- [Work request] Every line containing the word "Vintage" must be pulled from the records.

Caption-style text data:
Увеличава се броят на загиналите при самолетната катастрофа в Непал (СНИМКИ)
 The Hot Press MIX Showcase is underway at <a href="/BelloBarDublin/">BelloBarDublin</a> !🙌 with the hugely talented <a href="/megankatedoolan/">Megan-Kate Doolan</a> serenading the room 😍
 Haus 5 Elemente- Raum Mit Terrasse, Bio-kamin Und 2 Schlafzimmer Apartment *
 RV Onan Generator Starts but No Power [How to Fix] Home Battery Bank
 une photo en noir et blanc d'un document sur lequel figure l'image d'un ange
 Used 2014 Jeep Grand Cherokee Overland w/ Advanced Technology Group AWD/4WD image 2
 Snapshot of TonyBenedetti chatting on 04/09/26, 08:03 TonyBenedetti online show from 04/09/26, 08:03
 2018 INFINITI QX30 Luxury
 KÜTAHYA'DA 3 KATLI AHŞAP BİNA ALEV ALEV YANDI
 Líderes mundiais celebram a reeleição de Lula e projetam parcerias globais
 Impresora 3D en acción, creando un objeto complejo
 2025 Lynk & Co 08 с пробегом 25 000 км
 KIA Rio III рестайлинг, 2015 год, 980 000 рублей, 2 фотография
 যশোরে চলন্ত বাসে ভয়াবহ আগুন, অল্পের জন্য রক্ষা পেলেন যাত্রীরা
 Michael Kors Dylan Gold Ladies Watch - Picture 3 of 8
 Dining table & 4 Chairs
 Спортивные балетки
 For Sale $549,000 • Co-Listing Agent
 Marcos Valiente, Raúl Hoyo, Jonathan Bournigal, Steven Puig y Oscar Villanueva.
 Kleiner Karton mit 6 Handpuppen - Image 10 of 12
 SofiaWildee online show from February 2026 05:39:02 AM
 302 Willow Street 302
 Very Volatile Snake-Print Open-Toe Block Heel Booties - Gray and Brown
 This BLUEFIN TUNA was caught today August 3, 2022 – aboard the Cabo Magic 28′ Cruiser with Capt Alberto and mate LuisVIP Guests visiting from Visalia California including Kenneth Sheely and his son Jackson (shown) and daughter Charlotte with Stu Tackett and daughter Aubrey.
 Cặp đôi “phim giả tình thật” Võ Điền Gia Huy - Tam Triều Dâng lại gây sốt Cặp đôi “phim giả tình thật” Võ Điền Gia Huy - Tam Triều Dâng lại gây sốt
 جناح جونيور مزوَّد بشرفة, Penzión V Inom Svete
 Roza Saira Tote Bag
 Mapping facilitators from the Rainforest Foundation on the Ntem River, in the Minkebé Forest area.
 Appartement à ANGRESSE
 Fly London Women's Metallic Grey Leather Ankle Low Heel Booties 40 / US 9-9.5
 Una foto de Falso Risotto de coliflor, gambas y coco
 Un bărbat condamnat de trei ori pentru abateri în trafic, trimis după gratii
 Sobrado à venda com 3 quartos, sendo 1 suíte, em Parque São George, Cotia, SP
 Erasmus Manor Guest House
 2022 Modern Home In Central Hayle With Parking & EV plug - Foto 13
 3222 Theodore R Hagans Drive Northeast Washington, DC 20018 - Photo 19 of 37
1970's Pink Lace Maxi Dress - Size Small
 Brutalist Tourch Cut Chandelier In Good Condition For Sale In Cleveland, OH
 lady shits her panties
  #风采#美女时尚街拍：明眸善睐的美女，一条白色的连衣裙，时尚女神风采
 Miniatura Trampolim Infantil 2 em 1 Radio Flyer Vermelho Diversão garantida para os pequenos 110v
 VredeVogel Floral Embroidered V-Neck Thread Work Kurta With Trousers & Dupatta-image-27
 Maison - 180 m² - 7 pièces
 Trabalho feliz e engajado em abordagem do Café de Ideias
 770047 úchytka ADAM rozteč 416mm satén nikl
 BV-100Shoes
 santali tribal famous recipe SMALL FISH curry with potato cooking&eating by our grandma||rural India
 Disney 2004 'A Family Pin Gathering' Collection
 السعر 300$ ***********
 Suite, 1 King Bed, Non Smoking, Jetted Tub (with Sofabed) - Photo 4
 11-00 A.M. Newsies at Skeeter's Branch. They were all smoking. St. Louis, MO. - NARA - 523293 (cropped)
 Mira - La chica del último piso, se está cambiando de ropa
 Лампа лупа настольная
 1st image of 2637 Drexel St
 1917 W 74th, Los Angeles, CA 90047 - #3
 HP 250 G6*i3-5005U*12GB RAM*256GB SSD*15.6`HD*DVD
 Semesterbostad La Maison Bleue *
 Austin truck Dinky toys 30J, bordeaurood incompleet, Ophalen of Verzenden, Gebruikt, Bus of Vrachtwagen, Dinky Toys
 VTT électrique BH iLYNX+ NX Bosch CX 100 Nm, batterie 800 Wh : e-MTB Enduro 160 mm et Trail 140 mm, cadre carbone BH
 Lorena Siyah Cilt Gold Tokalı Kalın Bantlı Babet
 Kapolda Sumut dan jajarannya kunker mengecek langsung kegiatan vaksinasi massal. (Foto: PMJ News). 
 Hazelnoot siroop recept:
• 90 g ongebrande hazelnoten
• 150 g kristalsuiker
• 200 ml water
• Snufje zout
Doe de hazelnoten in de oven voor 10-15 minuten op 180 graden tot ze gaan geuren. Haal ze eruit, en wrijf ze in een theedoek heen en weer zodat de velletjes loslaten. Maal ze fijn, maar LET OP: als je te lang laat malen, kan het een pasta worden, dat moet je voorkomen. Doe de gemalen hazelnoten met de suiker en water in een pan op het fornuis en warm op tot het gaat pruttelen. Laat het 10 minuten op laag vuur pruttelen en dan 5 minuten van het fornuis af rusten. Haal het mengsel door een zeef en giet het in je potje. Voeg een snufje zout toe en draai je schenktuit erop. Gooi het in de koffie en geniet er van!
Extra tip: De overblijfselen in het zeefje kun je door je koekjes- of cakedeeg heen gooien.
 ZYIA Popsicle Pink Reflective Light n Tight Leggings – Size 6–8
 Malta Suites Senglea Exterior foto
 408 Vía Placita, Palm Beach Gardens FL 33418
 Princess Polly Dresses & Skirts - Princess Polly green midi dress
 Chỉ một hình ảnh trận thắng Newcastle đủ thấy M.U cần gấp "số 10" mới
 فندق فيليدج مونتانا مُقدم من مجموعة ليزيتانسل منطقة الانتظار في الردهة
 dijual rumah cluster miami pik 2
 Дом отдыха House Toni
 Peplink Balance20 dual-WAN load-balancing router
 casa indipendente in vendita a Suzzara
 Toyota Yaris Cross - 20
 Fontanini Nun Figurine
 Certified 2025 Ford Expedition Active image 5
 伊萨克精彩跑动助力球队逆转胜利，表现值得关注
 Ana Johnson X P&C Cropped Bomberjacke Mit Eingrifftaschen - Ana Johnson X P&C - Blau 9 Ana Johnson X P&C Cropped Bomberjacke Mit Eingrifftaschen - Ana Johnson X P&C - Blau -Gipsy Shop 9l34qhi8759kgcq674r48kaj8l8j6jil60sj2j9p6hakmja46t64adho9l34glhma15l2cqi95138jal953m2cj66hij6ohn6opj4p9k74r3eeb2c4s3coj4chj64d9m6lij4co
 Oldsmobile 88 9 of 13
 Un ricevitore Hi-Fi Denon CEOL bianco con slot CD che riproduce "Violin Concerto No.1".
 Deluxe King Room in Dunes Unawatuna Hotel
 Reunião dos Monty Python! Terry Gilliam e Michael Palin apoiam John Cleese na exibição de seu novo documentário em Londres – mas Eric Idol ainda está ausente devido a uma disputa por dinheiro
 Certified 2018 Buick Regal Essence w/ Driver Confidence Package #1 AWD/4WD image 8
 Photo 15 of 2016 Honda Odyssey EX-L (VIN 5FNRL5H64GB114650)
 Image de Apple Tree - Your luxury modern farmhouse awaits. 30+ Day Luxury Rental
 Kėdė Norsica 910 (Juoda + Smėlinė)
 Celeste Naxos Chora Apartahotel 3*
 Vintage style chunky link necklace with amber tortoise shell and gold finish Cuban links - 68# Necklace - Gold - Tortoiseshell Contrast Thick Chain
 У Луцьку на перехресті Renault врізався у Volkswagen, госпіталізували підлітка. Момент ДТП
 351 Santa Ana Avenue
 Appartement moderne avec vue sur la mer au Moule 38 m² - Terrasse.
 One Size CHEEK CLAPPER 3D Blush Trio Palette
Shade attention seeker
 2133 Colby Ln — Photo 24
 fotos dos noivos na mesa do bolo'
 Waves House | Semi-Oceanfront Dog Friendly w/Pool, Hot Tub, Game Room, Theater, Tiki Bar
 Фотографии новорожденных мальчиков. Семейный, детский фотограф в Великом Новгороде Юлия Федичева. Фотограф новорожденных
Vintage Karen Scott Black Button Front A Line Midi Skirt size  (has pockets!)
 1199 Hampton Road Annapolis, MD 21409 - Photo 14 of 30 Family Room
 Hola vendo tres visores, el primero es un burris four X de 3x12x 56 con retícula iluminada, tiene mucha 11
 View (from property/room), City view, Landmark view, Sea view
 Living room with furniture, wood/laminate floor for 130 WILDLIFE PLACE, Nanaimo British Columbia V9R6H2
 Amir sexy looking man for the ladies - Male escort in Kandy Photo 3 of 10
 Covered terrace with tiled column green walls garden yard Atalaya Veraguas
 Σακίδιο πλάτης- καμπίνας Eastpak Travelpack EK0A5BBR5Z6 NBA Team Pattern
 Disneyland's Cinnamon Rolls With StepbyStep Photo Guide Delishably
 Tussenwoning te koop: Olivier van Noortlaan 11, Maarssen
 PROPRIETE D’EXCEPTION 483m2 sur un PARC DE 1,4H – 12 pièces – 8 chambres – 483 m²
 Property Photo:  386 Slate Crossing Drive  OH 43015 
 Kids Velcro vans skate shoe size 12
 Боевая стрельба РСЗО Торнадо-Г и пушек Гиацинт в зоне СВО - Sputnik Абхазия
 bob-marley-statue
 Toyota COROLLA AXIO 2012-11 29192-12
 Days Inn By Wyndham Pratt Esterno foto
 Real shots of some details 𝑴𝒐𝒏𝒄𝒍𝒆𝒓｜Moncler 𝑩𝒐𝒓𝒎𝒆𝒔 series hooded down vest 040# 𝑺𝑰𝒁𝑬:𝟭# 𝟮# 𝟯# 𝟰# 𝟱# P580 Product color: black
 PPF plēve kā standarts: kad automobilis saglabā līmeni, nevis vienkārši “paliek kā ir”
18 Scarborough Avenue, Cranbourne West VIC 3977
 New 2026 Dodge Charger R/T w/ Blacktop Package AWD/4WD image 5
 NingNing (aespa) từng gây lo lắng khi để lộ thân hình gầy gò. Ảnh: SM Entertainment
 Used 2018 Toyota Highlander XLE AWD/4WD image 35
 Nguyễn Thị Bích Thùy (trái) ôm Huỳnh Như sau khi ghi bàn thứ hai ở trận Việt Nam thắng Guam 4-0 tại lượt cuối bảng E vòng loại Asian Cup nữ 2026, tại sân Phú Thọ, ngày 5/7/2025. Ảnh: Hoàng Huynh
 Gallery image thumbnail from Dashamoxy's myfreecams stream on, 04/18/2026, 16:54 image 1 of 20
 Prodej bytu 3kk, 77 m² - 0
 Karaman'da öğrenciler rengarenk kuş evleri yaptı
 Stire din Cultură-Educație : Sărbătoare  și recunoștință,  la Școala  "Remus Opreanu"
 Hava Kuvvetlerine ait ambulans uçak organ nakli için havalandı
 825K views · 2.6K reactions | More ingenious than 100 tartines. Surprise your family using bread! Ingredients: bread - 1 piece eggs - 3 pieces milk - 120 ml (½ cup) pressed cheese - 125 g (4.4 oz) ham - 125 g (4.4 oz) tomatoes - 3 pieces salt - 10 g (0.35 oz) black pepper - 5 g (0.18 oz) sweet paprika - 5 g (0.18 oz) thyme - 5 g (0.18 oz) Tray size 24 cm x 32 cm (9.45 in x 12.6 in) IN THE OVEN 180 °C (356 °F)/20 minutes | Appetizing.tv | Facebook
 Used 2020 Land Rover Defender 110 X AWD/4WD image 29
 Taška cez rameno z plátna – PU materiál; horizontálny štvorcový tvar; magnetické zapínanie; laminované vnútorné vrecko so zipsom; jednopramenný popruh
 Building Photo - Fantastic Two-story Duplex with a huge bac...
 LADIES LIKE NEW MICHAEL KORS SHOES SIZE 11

- [Response to the exercise]
 Vintage style chunky link necklace with amber tortoise shell and gold finish Cuban links - 68# Necklace - Gold - Tortoiseshell Contrast Thick Chain
Vintage Karen Scott Black Button Front A Line Midi Skirt size  (has pockets!)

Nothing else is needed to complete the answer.